1. Introduction
The Global Observing System for Climate listed snow cover as one of the 50 essential climate variables to be monitored by satellite remote sensing to support the work of the United Nations Framework Convention on Climate Change and the Intergovernmental Panel on Climate Change [
1]. Among the many variables that can be used to characterize the snow cover, the snow cover area is probably the most straightforward to retrieve from space [
2,
3]. Yet, it is one of the most important as it serves as an input to address research questions in various fields including climate science, hydrology and ecology. The snow cover area is also important to support other societal benefit areas, such as water resource management, transportation and winter recreation. A user requirements survey by the Cryoland consortium showed that snow cover area products were ranked as the most important among a list of operationally available remotely sensed snow products by the respondents [
4]. The respondents also emphasized the need for (i) short latency times in the product availability (shorter than 12 h); (ii) large spatial scale to cover entire mountain ranges like the Alps or even the whole of Europe; (iii) high spatial resolution down to 50 m resolution especially for road conditions and avalanche monitoring [
4].
While the operational monitoring of the snow cover area at global scale has been achieved since the 2000s, using wide swath optical sensors, such as MODIS [
2], the low spatial resolution of the products (typically 500 m) usually does not enable to address operational applications such as the above. Many scientific applications would also benefit from higher resolution information on the snow cover area. For instance, high resolution maps of the snow cover area were critical to explain the spatial diversity of plant communities in an alpine grassland [
5,
6]. High-resolution snow cover area is also useful in hydrology to reduce biases in the spatial distribution of the snow water equivalent through data assimilation [
7], in particular in semi-arid mountain regions [
8,
9].
The Sentinel-2 mission, which images the land surface at high resolution with a 5-day revisit time and a global coverage offers the unique opportunity to bridge this gap [
10,
11]. As part of the Copernicus program, the Sentinel-2 mission is planned to run continuously for at least two decades. Based on the above, the Theia land data center in France has supported the deployment of an operational service to generate and distribute at no cost snow cover maps derived from Sentinel-2 (20 m resolution) and Landsat-8 (30 m resolution) [
12]. However, this product only provides a binary description of the snow cover area in the pixel (snow or no-snow, hereafter referred to as SCA). The SCA mapping may be insufficient to characterize the snow distribution in areas where partially snow-covered (mixed) pixels are prevalent [
13,
14,
15]. Using 0.5 m resolution satellite imagery, Selkowitz et al. [
14] quantified the frequency of occurrence of mixed pixels over five dates at two study areas in the western U.S. Their results show that, in the study area with maritime climate, the fraction of mixed pixels at the typical Sentinel-2 resolution (20 m) is below 40%, whereas it can reach 80% in a more continental mountain area. Binarizing pixels in snow or no-snow in areas where mixed pixels are prevalent can introduce an error in the spatial integration of snow cover area—e.g., when the snow cover area is computed over a watershed [
14].
The Fractional Snow Cover (FSC)—i.e., the snow-covered fraction of the pixel area, naturally provides finer information than the binary SCA. However, it does not necessarily mean that it provides more accurate information. The estimation of the FSC from multi-spectral images is challenging due to the confounding effects of the snow, rocks and vegetation surfaces on the spectral signature of pixel reflectance [
16]. Therefore, it is important to evaluate the accuracy of the retrieved FSC by comparing with independent observations to make sure that the gain in precision is worth the additional cost of computing and storage.
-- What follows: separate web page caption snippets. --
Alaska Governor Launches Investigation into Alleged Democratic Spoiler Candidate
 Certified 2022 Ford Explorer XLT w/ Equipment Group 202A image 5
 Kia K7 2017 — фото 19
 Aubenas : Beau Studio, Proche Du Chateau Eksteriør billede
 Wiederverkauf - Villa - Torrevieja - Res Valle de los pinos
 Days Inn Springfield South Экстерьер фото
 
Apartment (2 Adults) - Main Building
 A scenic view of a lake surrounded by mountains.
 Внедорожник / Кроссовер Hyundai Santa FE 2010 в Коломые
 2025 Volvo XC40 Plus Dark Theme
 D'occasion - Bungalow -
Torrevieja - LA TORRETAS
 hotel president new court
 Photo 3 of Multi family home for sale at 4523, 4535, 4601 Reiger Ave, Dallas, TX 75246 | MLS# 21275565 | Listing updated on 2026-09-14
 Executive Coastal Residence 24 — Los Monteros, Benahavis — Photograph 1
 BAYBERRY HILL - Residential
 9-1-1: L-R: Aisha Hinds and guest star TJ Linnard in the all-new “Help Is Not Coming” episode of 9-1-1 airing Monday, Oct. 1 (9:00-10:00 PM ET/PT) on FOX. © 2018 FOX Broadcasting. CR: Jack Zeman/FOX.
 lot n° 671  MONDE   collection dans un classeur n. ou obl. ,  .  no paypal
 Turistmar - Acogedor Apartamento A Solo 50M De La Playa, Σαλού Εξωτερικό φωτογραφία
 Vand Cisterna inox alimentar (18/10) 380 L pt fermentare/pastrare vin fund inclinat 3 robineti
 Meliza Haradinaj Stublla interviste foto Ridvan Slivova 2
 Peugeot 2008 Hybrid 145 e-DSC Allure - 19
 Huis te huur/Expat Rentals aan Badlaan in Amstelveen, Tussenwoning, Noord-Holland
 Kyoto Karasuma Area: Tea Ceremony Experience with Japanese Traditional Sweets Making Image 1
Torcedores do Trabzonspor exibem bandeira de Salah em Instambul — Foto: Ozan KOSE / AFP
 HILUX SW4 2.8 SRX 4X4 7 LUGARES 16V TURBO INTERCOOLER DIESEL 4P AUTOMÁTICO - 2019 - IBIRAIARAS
The spectral signature of a pixel can be modelled as a linear combination of the spectra of the pure surface materials, or endmembers thought to be present in it [
17,
18,
19]. However, the spectral unmixing approach is challenging to use in an operational context: (i) it amounts to an ill-posed problem which requires a computationally intensive inversion step to estimate the relative abundance of each endmember; (ii) it requires prior knowledge of a collection of endmembers that covers the range of natural surfaces to be observed (geology, vegetation). Such requirements are hardly compatible with those of the users (timeliness, high resolution, large spatial scale).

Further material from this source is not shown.